Bir mesleğin ya da iştigal alanının, aynı zamanda “tahkir” ve “suçlama” niyetine kullanılması, memleketimize özgü bir hoşluk olsa gerek...
İncitme çabasıyla yazıya kalkıştığı besbelli Necati Doğru, örneğin, muhterem Aydın Doğan için de (çünkü o da mebzul miktar yazar kovdurmuştur) “oto yedek parçacısı” nitelemesini kullanabilir mi? Ya da eski patronu Dinç Bilgin için, “madenci” ya da “müflis bankacı” diyebilir mi?
Diyebilmiş mi?
Bir zamanlar para aldığı kişilere diyemediği bir şeyi, bundan sonra para alamayacağı bir kişiye demesi, Necati Doğru’nun kalitesini gösterir.
Neyse, Necati Doğru’yu kendi ahlakıyla baş başa bırakıp, yazısında gündeme getirdiği hususları tartışalım.
Ki, haklı olduğu yerler de var.
Necati Doğru özetle medya patronlarının siyasi iktidarlarla ticari ilişkiye girmemelerini, bunun basın özgürlüğü açısından yanlış olacağını söylüyor. (Sevabına ben özetledim, çünkü Necati Doğru’nun bir şeyi dosdoğru anlatma niyeti yok, sadece hakaret ediyor...)
Ben de bir ilavede bulunmak istiyorum:
Başka alanlarda “para” ve “başarı” kazanmış kişiler, medya imkânını ticari işlerinde manivela olarak kullanacaklarsa, hele siyasi iktidara hoş görünmek için ha babam gazeteci ve yazar kovacaklarsa, bu sektöre hiç girmesinler.
Tasarruflarına da siyasileri ortak etmesinler.
Birileri, “Bu yazarları atacaksın” diye telkinde bulunuyorsa, bunu da çıkıp delikanlı gibi açıklasınlar.
Demirören grubu, birçok yazarıyla yollarını ayırdı.
Birilerinden emir ve direktif mi aldı?
Bilmiyorum.
Biliyorsa, Necati Doğru söylesin. Hatta belgelesin.

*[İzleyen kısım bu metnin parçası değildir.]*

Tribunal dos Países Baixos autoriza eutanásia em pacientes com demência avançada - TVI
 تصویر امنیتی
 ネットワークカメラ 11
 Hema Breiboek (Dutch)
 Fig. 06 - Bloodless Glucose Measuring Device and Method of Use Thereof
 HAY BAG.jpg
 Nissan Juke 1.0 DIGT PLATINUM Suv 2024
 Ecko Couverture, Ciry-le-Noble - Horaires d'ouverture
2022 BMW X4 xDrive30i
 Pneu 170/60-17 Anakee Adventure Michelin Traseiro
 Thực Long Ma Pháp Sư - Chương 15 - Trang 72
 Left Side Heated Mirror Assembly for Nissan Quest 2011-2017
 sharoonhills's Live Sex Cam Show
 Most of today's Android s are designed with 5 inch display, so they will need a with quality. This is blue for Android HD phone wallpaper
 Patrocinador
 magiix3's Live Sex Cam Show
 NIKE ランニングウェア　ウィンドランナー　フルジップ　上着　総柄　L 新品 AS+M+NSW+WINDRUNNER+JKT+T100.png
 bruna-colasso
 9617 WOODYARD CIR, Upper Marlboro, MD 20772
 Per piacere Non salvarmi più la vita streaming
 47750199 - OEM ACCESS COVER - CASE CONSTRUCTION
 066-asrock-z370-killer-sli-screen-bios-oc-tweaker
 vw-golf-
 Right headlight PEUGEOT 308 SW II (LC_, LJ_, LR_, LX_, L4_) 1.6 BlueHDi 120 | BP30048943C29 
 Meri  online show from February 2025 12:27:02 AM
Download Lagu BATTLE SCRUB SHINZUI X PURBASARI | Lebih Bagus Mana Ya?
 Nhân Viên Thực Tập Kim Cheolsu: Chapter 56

Hasan Cemal, “Benim Milliyet’ten gönderilmemde siyasetçilerin dahli yok” demişti... Sonra (niyeyse) fikir ve ahlak değiştirip, “Hayır, siyasetçilerin dahli var” demeye başladı ama bunu Hasan Cemal’in çocukluğuna ve pişmemişliğine veriyoruz.
Fakat bir dakika...
Gazeteci ve yazar kovdurma alışkanlığı, “tüpçü medya patronu”nun medya dünyasına bir armağanı mıdır?
Necati Doğru, 28 Şubat’ın gazeteci kıyımında neredeydi?
Muhterem oto yedek parçacısı siyasilerle karton fabrikası pazarlığına girişirken Necati Doğru neredeydi?
Etibank ve Dışbank hadiselerinde Necati Doğru neredeydi?
Etibank ve Dışbank’ın bir getirisi olarak, gazeteciler kapı önüne konulurken Necati Doğru neredeydi?
Karargahta pişen “andıç”lar manşetleri süslerken ve gazeteciler kurşunların hedefi haline getirilirken Necati Doğru neredeydi?
Ek olarak, Uğur Dündar ve Haluk Şahin neredeydi?
Necati Doğru şunu mu söylemeye çalışıyor:
Medya patronları generallere karşı kırılgan olabilir, karargahtan gelen her tavsiyeyi “emir” telakki edebilir ama siyasilere karşı asla kırılgan olamaz.
Necati Doğru niçin çıkıp, “Siyasilere de, askerlere de eyvallahımız yok” demiyor, bunu diyemiyor?
Bu sorular, TC Hasan Cemal, TC Can Dündar ve TC Ece Temelkuran için de geçerlidir.